Americans often criticize their legislatures for being paralyzed
by partisan struggles and legislators' self-interest. However, many
Americans praise the performance of their individual legislators,
and often reelect them at high rates. These contradictory attitudes
can be explained in part by noting the differences between the lawmaking
and representation functions of America's legislatures.
Lawmaking involves translating Americans' often conflicting
or unarticulated policy preferences into public policy by passing
bills. This requires extensive public debate, committee work, and
parliamentary maneuvering to achieve majority legislative support
for public policy. The relatively low regard that many Americans
hold for Congress reflects in part the complexity of national problems
and the legitimate differences people have over what to do about
Representation, in contrast, only requires that representatives
express the interests of their constituents, or take positions on
issues that they think are best for their constituents or the larger
public interest. Activities associated with representation include
introducing legislation on behalf of constituents, voicing constituents'
views and interests through speeches and other public statements,
and meeting with constituents and interest groups to hear their
concerns. Thus, legislators can represent their constituents in
many ways without actually passing new laws.
Building on their English parliamentary heritage, America's constitutional
framers placed Congress at the center of national policymaking and
required that each state adopt a representative form of government.
Congress originally was conceived as the preeminent branch of government
with the power to set and enact domestic and foreign policy agendas,
and which was supposed to function "closest to the people."

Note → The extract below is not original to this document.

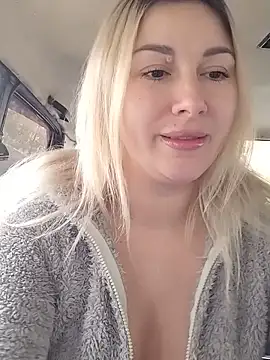 evil_kitty3126's Webcam Show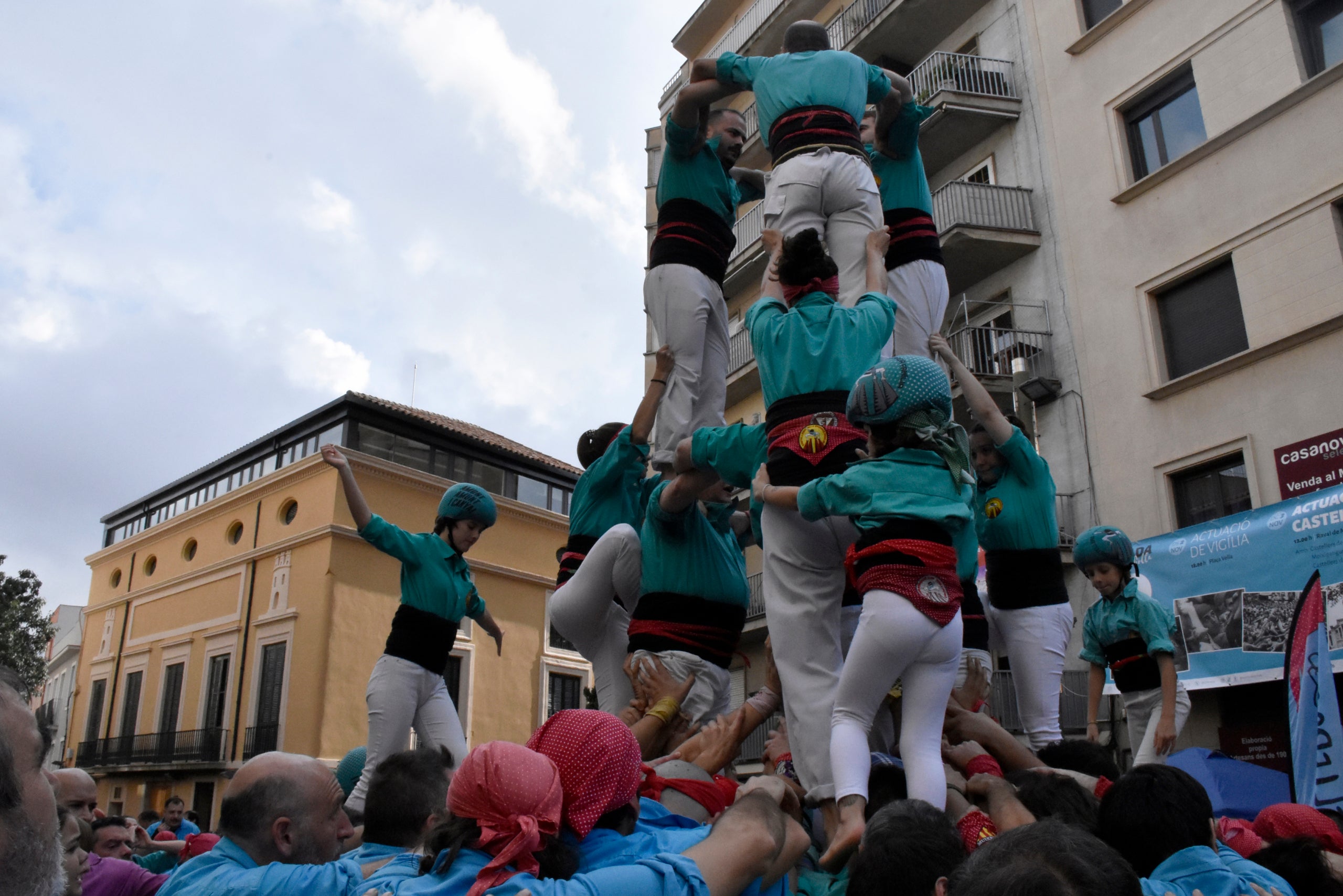 Els Castellers de Terrassa han celebrat la Diada XLV aquest diumenge, 3 de novembre, al Raval de Montserrat | Marcel Marsal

The relative powers between America's legislatures and its chief
executives, including the president and the 50 governors, vary from
state to state, and even from one presidential administration to
another. During the twentieth century, however, Congress has lost
or ceded powers to the president, including the power to make war
and to command national attention.
Besides performing their lawmaking and representative functions,
Congress, the state legislatures, and many legislative bodies at
the local level engage in other activities including constituency
casework and oversight of executive departments and agencies. Casework
involves individual legislators helping their constituents solve
individual problems with the bureaucracy, such as helping a military
veteran receive his disability benefits, or performing other services
such as writing a letter of recommendation for a local constituent
or providing an office visitor with a complimentary flag. Casework
is a non-controversial activity that often endears legislators to
individual voters, and ultimately helps them gain support for re-election.
It should also be noted, however, that casework is a form of representation.
Sometimes, constituents just want to know that someone in the legislature
is there to help them.
Another permanent function of legislatures is to evaluate the programs
of executive departments and agencies. This function, called legislative
oversight, stems from legislatures' budgeting and appropriations
responsibilities. Oversight techniques include public hearings to
evaluate agency budget requests, audits of agency finances, and
investigations of executive agency personnel.
To carry out their legislative responsibilities, individual legislators
must balance several interests, including those of their party's
leadership, their constituents and organized interests, and their
own desire to gain re-election. In fulfilling their responsibilities,
some legislators perceive themselves primarily as delegates
of their constituencies, doing what their constituents want whether
or not they personally believe it's good policy. Other legislators
see themselves more as trustees who follow their own judgment
on what is right even if it clashes with a majority's preferences.